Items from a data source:
________

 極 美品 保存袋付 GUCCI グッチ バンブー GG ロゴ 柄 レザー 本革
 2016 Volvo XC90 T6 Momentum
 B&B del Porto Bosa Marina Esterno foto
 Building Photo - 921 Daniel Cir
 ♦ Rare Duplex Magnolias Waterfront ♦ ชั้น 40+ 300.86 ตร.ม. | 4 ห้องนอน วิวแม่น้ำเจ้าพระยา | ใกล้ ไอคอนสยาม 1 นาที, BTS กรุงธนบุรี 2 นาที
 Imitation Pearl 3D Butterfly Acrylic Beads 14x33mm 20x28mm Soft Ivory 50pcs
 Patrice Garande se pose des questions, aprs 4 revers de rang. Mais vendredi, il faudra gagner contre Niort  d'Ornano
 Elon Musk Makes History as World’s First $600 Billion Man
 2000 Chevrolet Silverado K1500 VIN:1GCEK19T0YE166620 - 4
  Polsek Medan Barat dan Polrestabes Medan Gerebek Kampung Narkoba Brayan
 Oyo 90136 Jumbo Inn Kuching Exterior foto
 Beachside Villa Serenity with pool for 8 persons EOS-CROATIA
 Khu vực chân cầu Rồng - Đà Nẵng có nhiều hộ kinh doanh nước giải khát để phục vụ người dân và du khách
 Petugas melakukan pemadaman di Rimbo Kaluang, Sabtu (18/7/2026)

________

Which lines above include "foto"? Show each of them by copying it.

RESPONSE TO THIS EXERCISE —
 B&B del Porto Bosa Marina Esterno foto
 Oyo 90136 Jumbo Inn Kuching Exterior foto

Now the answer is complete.